The South African teenager, whom I'd met in Athens, was appalled. "American!" he shrieked, accusingly.

Not long after, a Polish man suggested I try to pass myself off as a New Zealander so I would have the opportunity to hear "what other people really think of Americans." I wasn't sure why he thought this was the point of my travels overseas.

Like many Americans in Europe over the past eight years, I was asked dozens of times, "How could you have elected him a second time?"

But then I went to Normandy.

There, on the site of one of the most wrenching battles in American history, I found some peace.

I had been in the area only an afternoon when it occurred to me, standing outside a postcard shop in the small town of Isigny-sur-Mer, that I had wandered into what might be the last corner of Europe where American heroism at war is still celebrated. Here, the American military is still synonymous with sacrifice; the American flag still flies in most villages in gratitude that extends 60 years later – even to people who voted for Bush.

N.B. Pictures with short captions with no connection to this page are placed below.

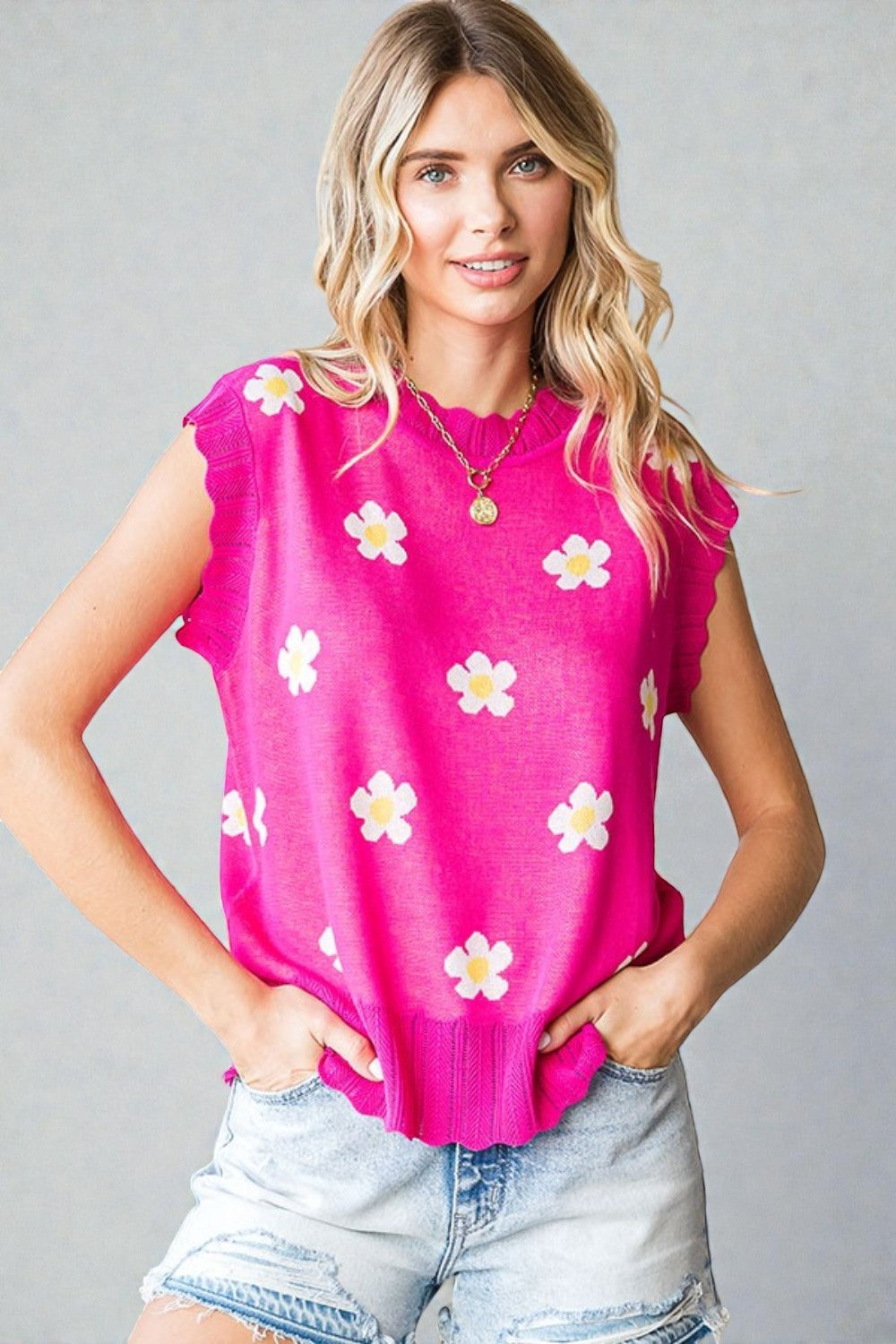 Pull sans manches à imprimé marguerites en fuchsia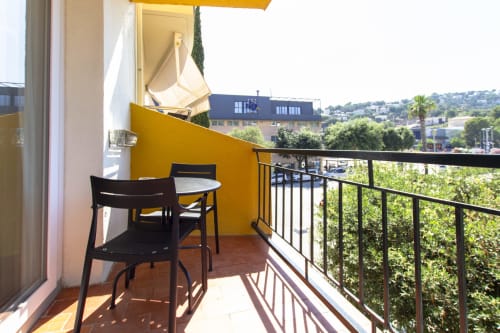 Balcón soleado con toldo amarillo, sillas negras y vista a la ciudad del hotel El Sol II en Tossa de Mar, Girona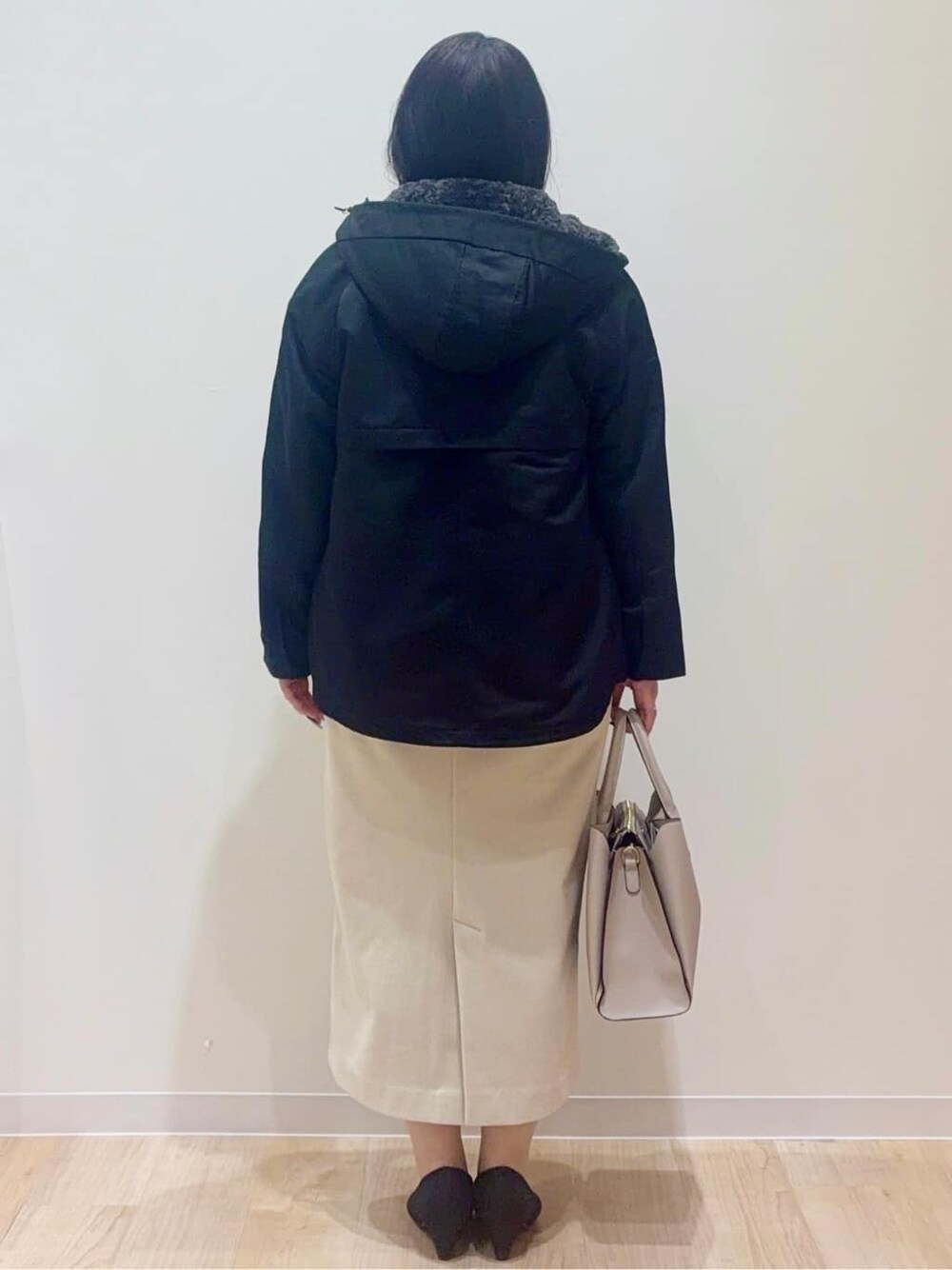 ブラック系のブルゾン、グレー系のニット/セーター、ベージュ系のスカートを着用したレディースの冬コーディネートの3枚目の写真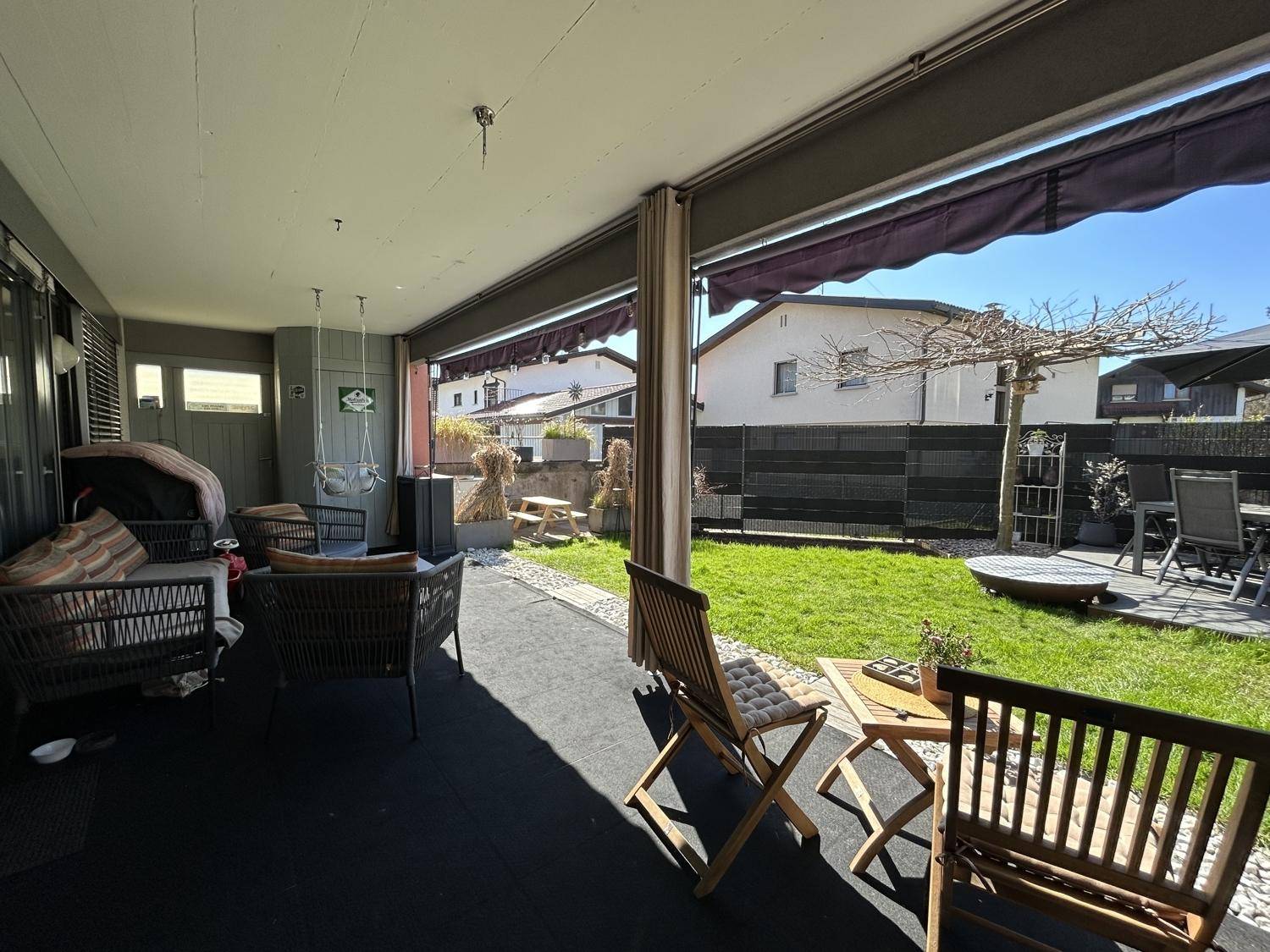 Überdachte Terrasse mit Holzmöbeln und direktem Zugang zum grünen Garten.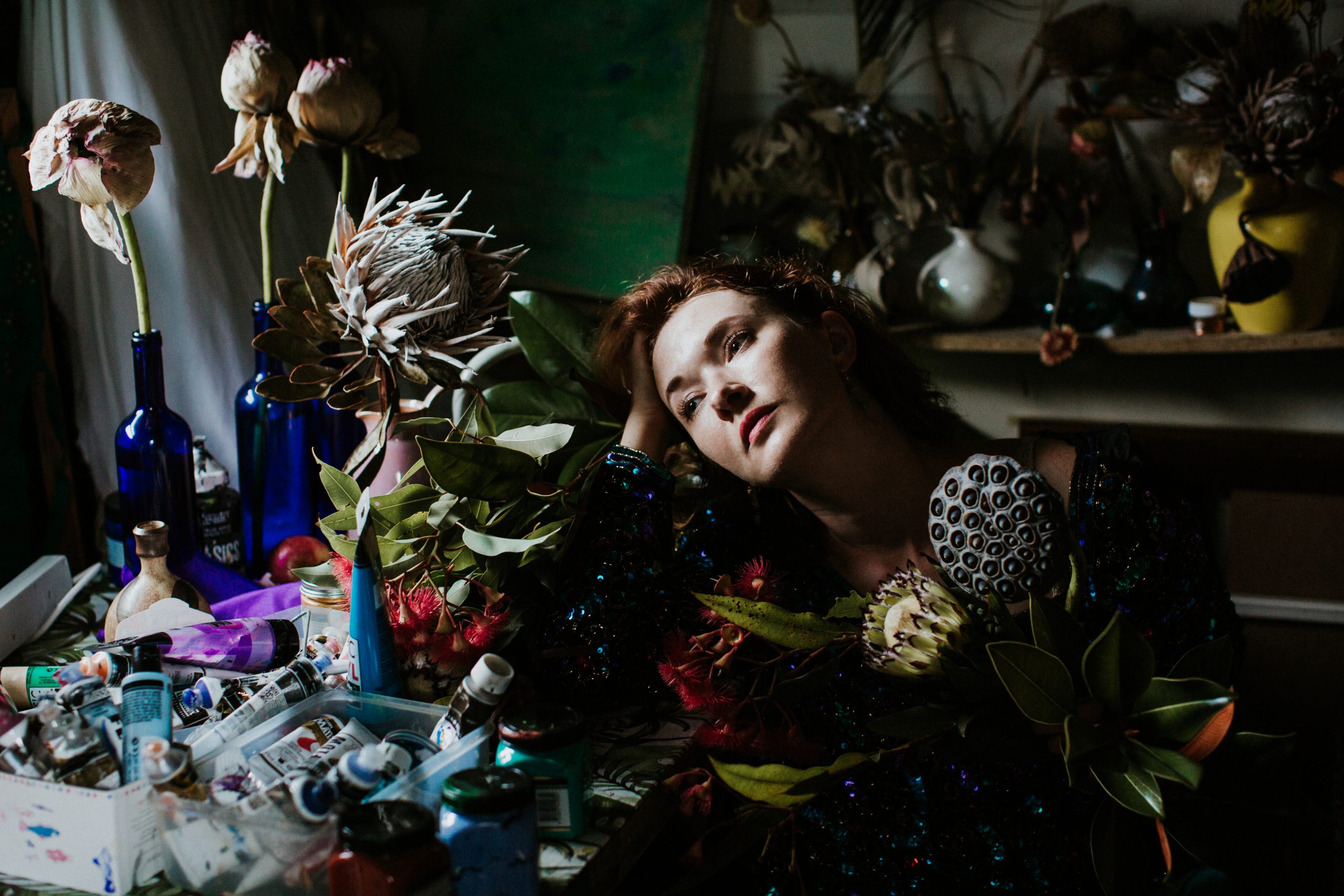 Katerina Apale surrounded by flowers and paintings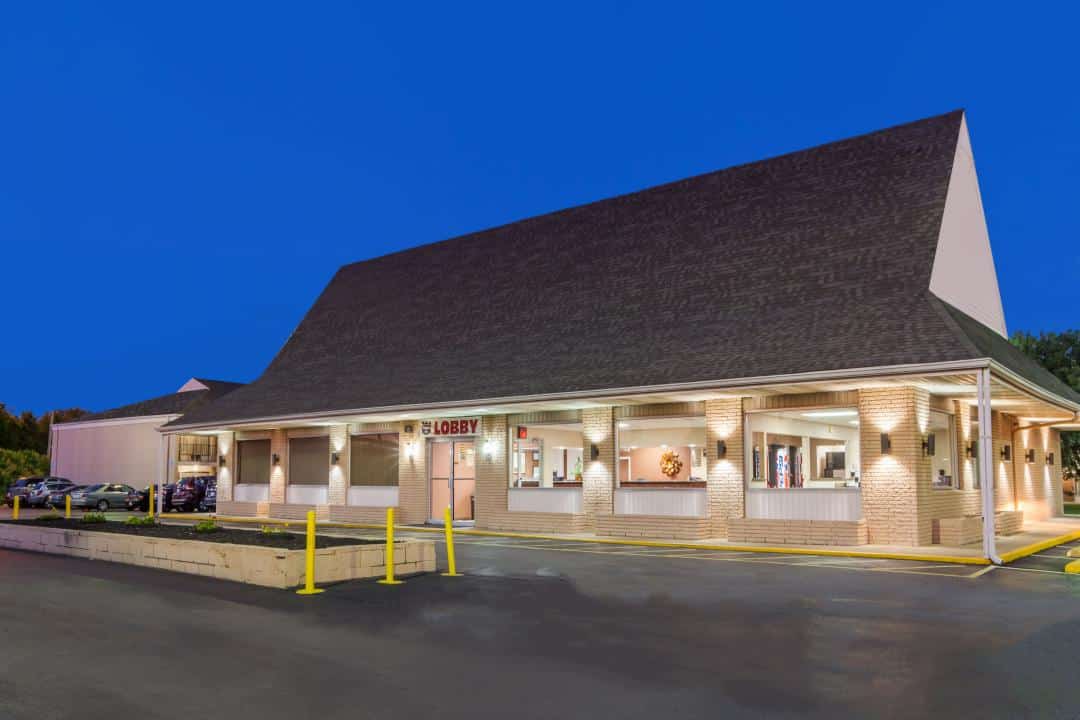 Hotel exterior at night.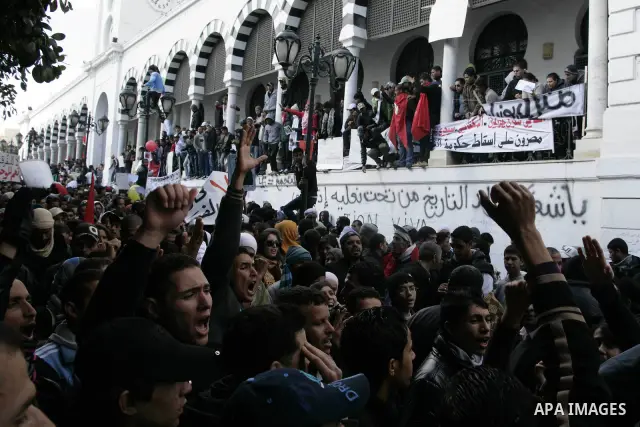 Tunisian protesters gather to demand a new government free of officials of the ousted regime of former president Zine el Abidine Ben Ali, near the Prime Minister's office in Tunis, Tunisia, 24 January 2011. According to...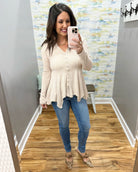 Woman taking a mirror selfie wearing a beige cardigan and blue jeans in a room with patterned wallpaper.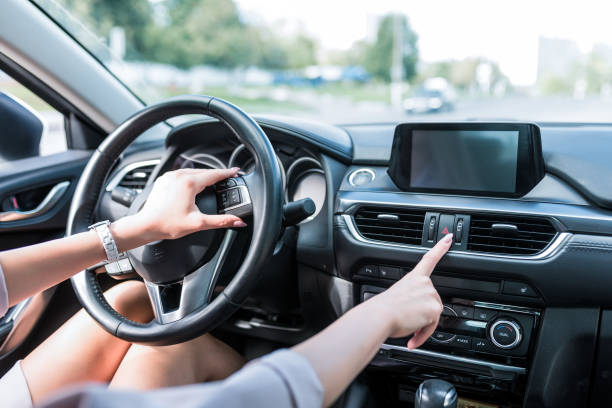 istock Close-up, female hand includes an emergency stop button, turning on dimensions, accident on road. The interior of car in summer in city, an alarm and accidents on highway. 1175102661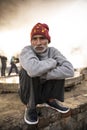 Moradabad, Uttar Pradesh- January 12 2022- Portrait of an old aged man from village sitting on a stone pedestal Royalty Free Stock Photo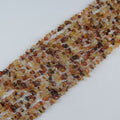 Natural yellow agate irregular bead long necklace on white background, honey yellow to golden amber colors on each freeform round bead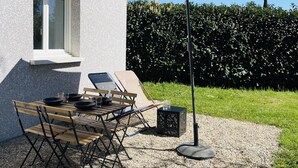 An outdoor patio with a table, chairs, and an umbrella. - Cosy 3-star house with private garden and quiet terrace (Mézériat)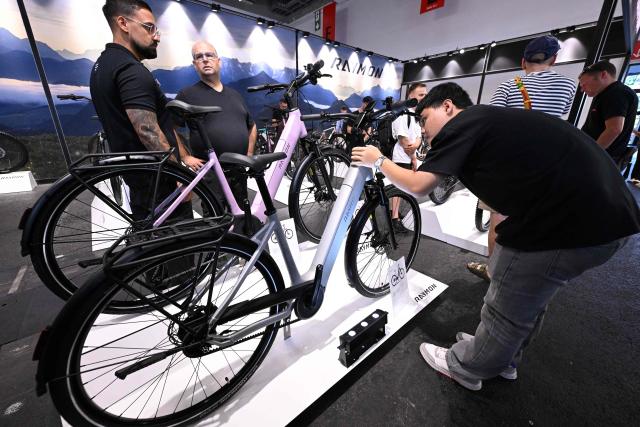 Electric bikes are seen at the booth of Raymon at the EUROBIKE 2026 fair of the international bicycle industry in Frankfurt am Main, western Germany on June 24, 2026. According to the organisers, more than 1,500 exhibitors of the bicycle and ecomobility industry from 60 countries will present their products and services during the fair running from June 24 to June 27, 2026. (Photo by Kirill KUDRYAVTSEV / AFP)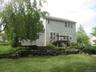 Rear exterior, deck and stone wall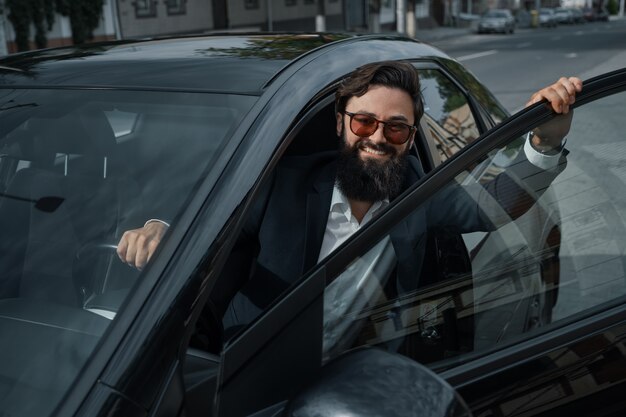 Portrait élégant, bel homme près de voiture à l'extérieur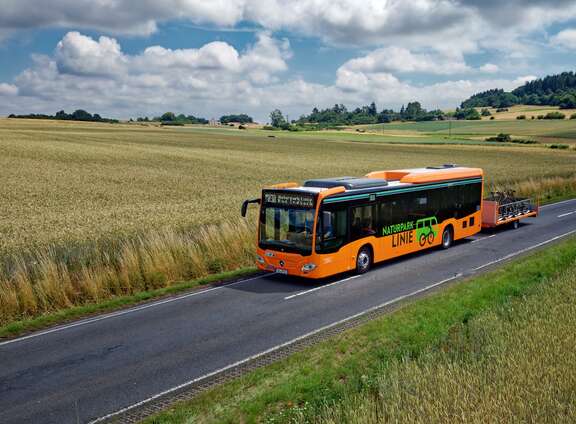 Bus in oranger Farbe mit Fahrradanhänger abgebildet in einer ländlichen Umgebung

I went back to the same shop two weeks later and bought a postcard displaying a grainy black-and-white photo from the archives of the Musée de Débarquement. In the picture, two American soldiers are resting somewhere near the coast after the landing on June 6, 1944. The older man has his head, neck, and right hand bandaged. The other soldier, who looks about 16, is staring blankly into the camera. Below the image are four brief lines of poetry printed side by side in French and English: "They know/ the price of sacrifice/ In combat/ a world away..." I tucked the card into my bag to give my boyfriend, who was serving his second tour in Iraq.

There is, of course, an ulterior motive to the local love of all things American here: World War II history rivals Camembert as the region's most lucrative "product." The area's immense historic importance graces every plot of a vast swath of land from the length of the coast to 50 miles inland, and each town in between has gone to great effort to underscore its role in that one chapter of time.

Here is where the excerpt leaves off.